=== Record excerpts ===
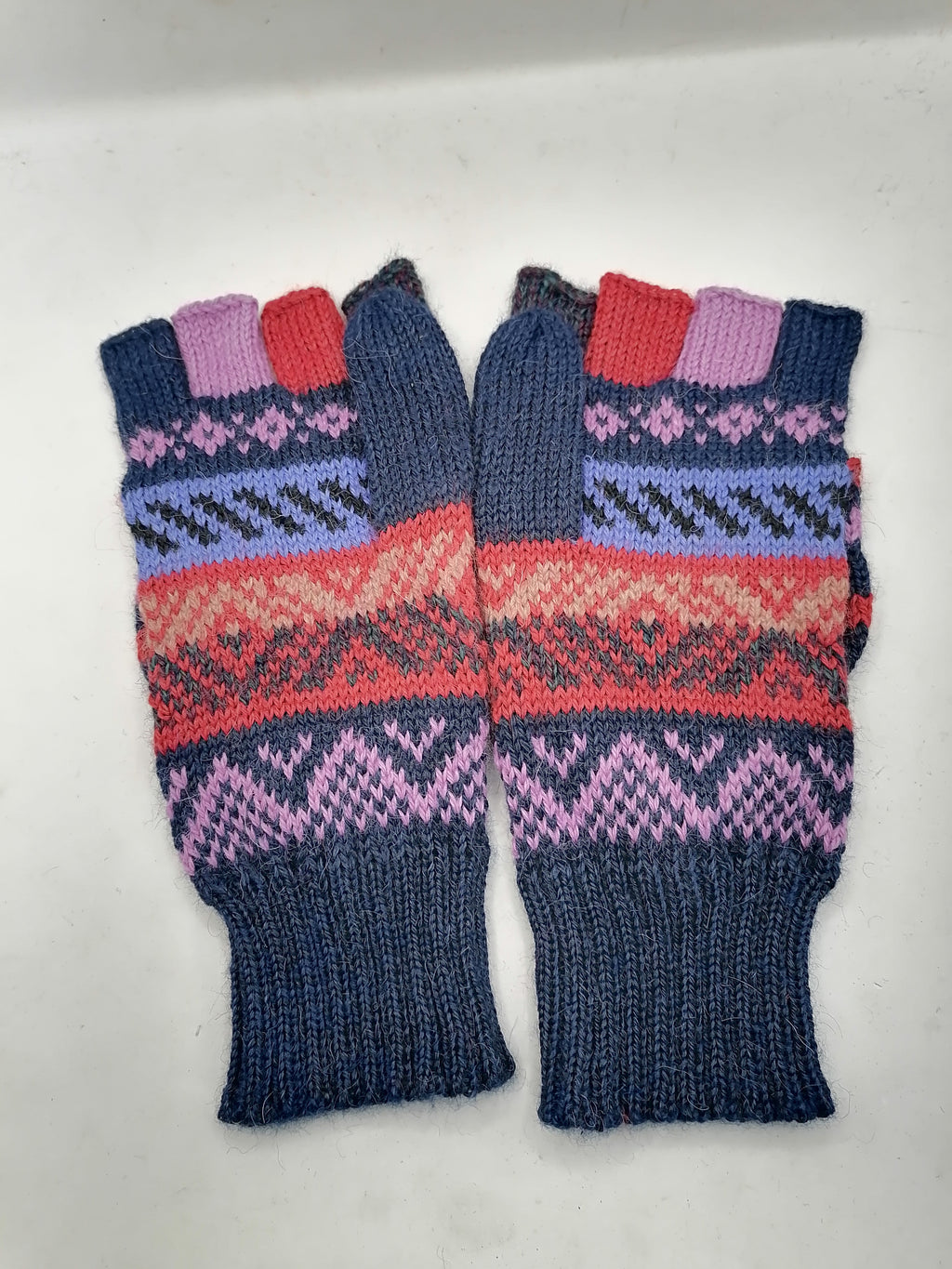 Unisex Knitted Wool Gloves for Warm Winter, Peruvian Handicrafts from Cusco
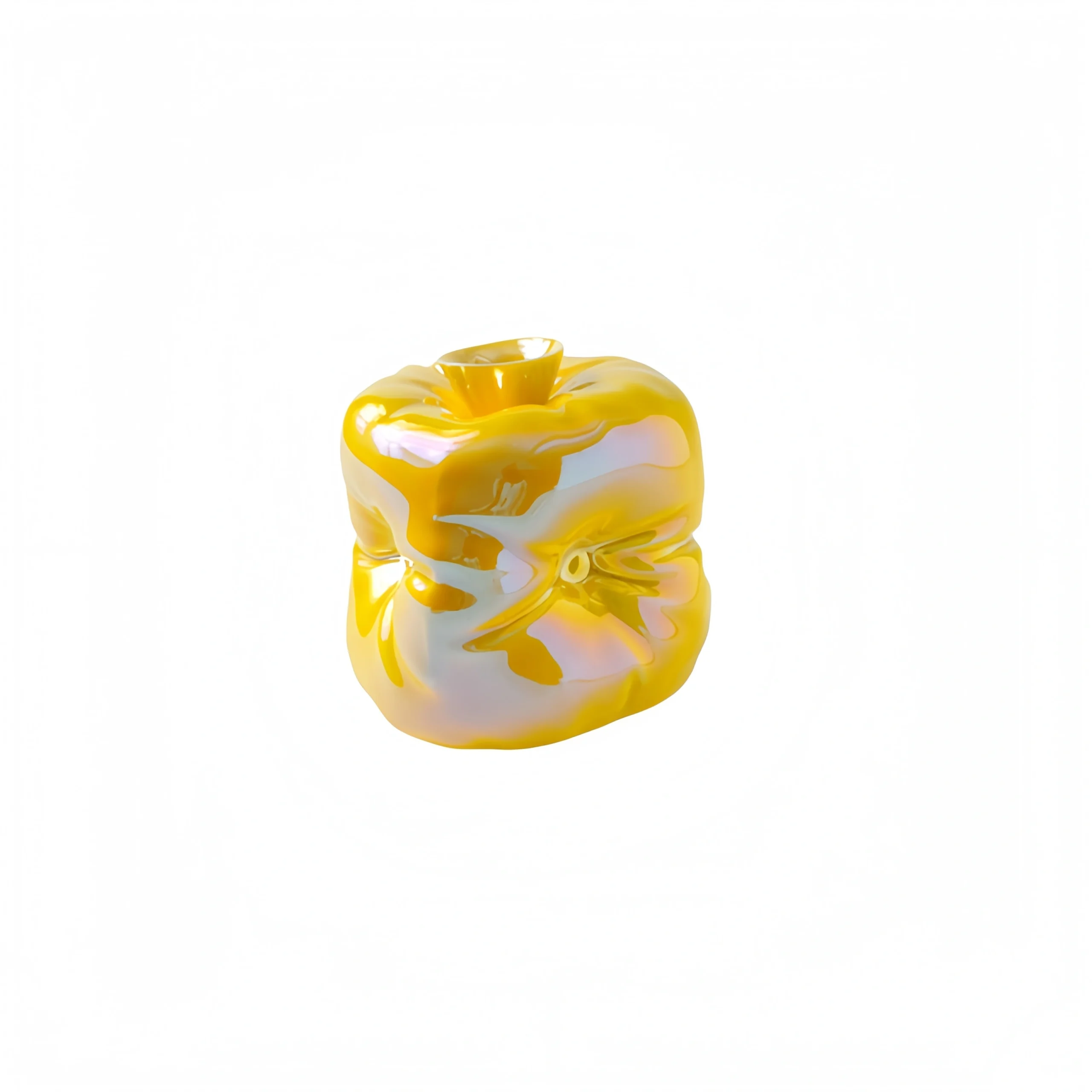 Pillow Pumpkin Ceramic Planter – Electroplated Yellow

--

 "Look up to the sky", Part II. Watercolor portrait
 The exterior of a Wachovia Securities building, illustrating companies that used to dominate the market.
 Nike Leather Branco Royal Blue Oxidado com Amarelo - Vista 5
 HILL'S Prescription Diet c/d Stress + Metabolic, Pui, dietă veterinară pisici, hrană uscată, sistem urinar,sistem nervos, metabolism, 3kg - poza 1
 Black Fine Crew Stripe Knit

--

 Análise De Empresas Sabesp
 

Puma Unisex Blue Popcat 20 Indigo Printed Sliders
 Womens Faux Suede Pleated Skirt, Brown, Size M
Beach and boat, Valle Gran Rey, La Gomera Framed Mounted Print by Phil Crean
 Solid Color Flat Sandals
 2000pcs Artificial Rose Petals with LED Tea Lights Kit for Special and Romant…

=== Exercise directions ===
Once the line with "Unisex Knitted Wool" has been found above, output that line and every later line exactly, stopping after the line with "Pillow Pumpkin Ceramic", and omit the pictures.

=== Answer below ===
 Unisex Knitted Wool Gloves for Warm Winter, Peruvian Handicrafts from Cusco
 Pillow Pumpkin Ceramic Planter – Electroplated Yellow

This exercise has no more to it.